Ici, la gestion du vide, dans son expression la plus simple, traduit les mécanismes mis en place pour gérer le chaos qu’on a mis du temps à organiser en Haïti. Puisqu’il faut maintenir le pays dans la crise, il leur faut un narratif. Une manière de nommer les choses et une finesse dans les actions pour simuler et dissimuler leurs intentions. La stratégie, c’est la non-décision. La politique de la non-décision se manifeste à travers des formules comme : décider de ne pas décider ; dire sans faire ; faire l’amnésique ; tergiverser ; donner l’impression de faire quelque chose alors qu’on ne fait rien. Mensonges. Demi-vérités. Illusions. Propagande. Langue de bois. Novlangue. C’est ici tout l’arsenal d’un gouvernement qui n’est pas dans l’action.

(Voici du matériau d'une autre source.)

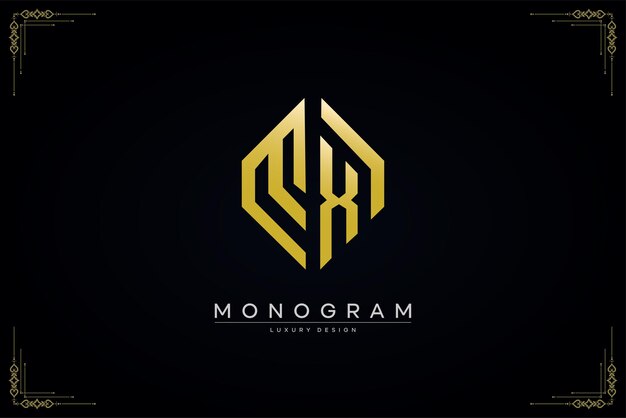 Logotipo de letra MX de lujo con plantilla de diseño de vector de forma hexagonal de arte de línea dorada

La première promesse de Garry Conille était celle de récupérer les territoires perdus. « Quartier par quartier, ville par ville, maison par maison », a-t-il maintes fois martelé. Mais aujourd’hui encore, même les institutions les plus importantes de l’État comme le Parlement, le Palais national, les Archives nationales, l’IHSI, le Palais de Justice et la Primature, la Banque centrale, la Cour Supérieure des Comptes et du Contentieux Administratif s’effondrent dans les territoires perdus.
La première tentative de M. Conille lors d’une visite à l’Hôpital de l’Université d’État d’Haïti fut un échec. Jusqu’à présent son seul vrai bilan en tant que chef du CSPN n’est autre que celui de renouveler en permanence l’état d’urgence sécuritaire. Des visites, encore des visites. C’est un homme en quête de légitimité, menant sa campagne dans des institutions effondrées. C’est le spécialiste lui-même qui est sur l’agenda politique. On dirait qu’il est la seule politique publique de son gouvernement.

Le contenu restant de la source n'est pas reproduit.